O uso de força letal em situações que poderiam ser resolvidas de maneira menos letal pode resultar em abusos, além de colocar em risco a segurança de terceiros.
A introdução de dispositivos de segurança mais agressivos também levanta questões sobre o risco de acidentes, especialmente envolvendo pessoas que não tenham intenções criminosas.
Há o temor de que a legislação incentive respostas desproporcionais, aumentando os casos de violência doméstica e acidentes trágicos.
Tramitação do Projeto
O PL 748/2024 está em fase de análise na Comissão de Segurança Pública do Senado, sob relatoria do senador Jaques Wagner (PT-BA).
Após essa etapa, o projeto ainda precisa ser discutido na Comissão de Constituição, Justiça e Cidadania (CCJ) antes de ser levado ao plenário para votação.
O projeto promete provocar intensos debates tanto entre os parlamentares quanto na sociedade civil, já que o tema da legítima defesa toca em questões fundamentais sobre segurança pública e os limites da atuação do cidadão na proteção de sua propriedade.
Próximos passos
Caso o projeto avance, o Brasil poderá ver uma mudança significativa no tratamento dos crimes de invasão de domicílio.
A possibilidade de uso de força letal contra invasores terá um impacto direto no comportamento de proprietários e criminosos, além de poder influenciar a maneira como a sociedade enxerga a violência e a segurança pública.

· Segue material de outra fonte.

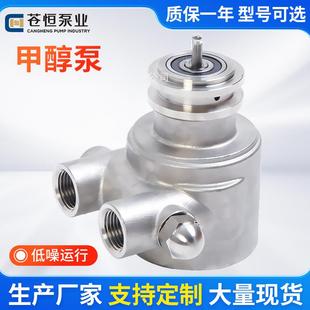 304不锈钢甲醇燃烧机泵高压油泵S140F S165F耐腐蚀工业甲醇泵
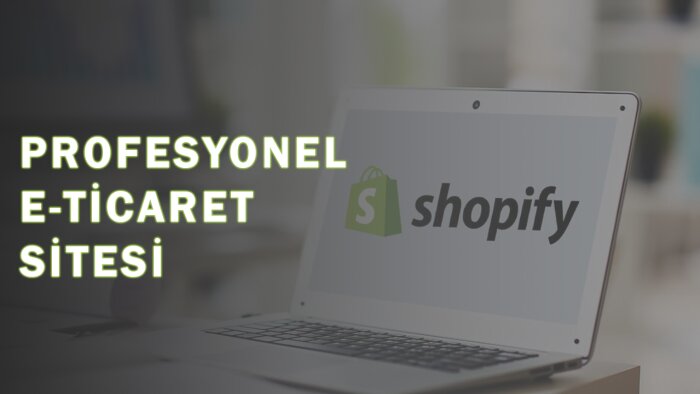 Shopify ile profesyonel e-ticaret mağazası oluşturabilirim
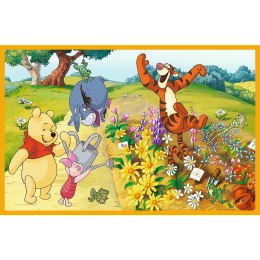 Trefl Puzzle Puzzle - 2x24 - Dzień w ogrodzie - Disney Winnie the Pooh Trefl 34436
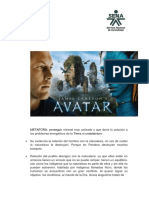 Avatar: conflicto entre humanos y Na'vi por el mineral unobtainium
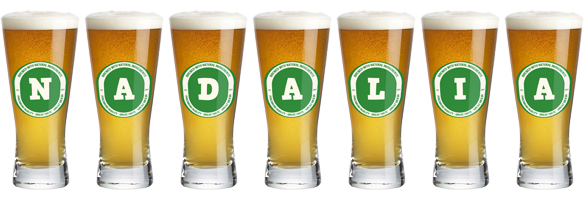 Nadalia lager logo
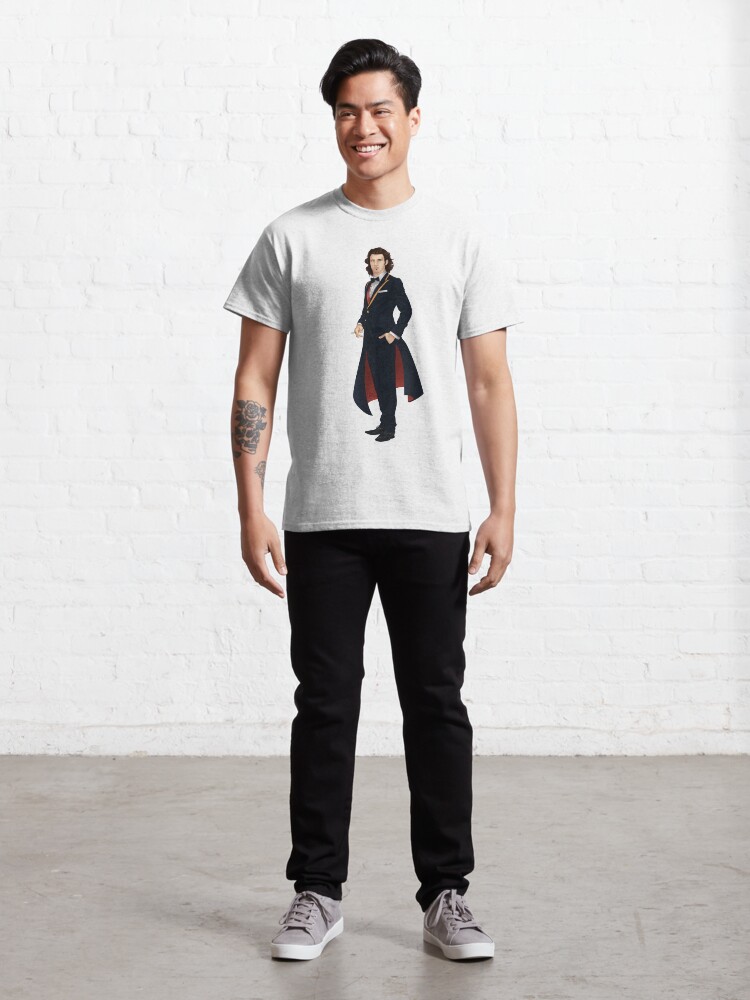 Alternate view of Fausto - Voyager Sorcerer of Alternatives Classic T-Shirt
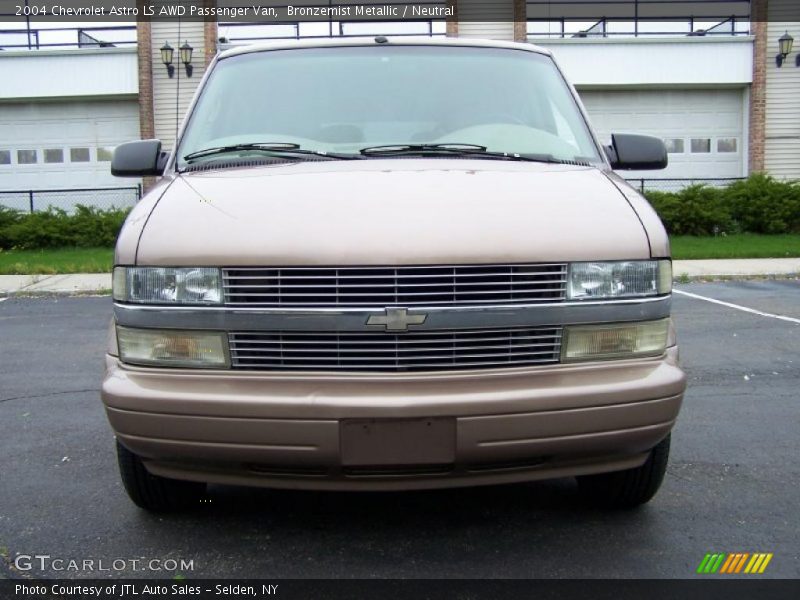 Bronzemist Metallic / Neutral 2004 Chevrolet Astro LS AWD Passenger Van
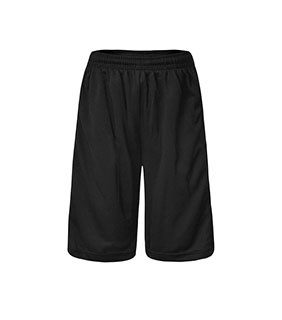 LWR Micro Mesh Shorts Black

Os debates legislativos que ocorrerão nos próximos meses serão cruciais para definir os rumos dessa proposta.
Os advogados criminalistas terão um papel importante ao questionar a proporcionalidade e a razoabilidade dessas medidas, especialmente diante da complexidade dos casos de legítima defesa que surgirão com a nova legislação.
Considerações finais
O PL 748/2024 levanta uma discussão necessária sobre os direitos dos cidadãos à legítima defesa, mas também requer cautela para evitar excessos e garantir que a legislação não se torne um estímulo à violência.
Advogados criminalistas devem se manter atentos às mudanças propostas, dado o impacto direto que elas terão sobre a defesa de acusados e as interpretações de legítima defesa nos tribunais.
A participação ativa da sociedade e dos profissionais do direito será essencial para garantir que a lei, se aprovada, seja aplicada de forma justa e equilibrada, respeitando os direitos fundamentais e garantindo a segurança coletiva.
Esse artigo permite que advogados reflitam sobre a abrangência do PL 748/2024, preparando-se para os desafios jurídicos que poderão surgir com a implementação de tais mudanças na legislação.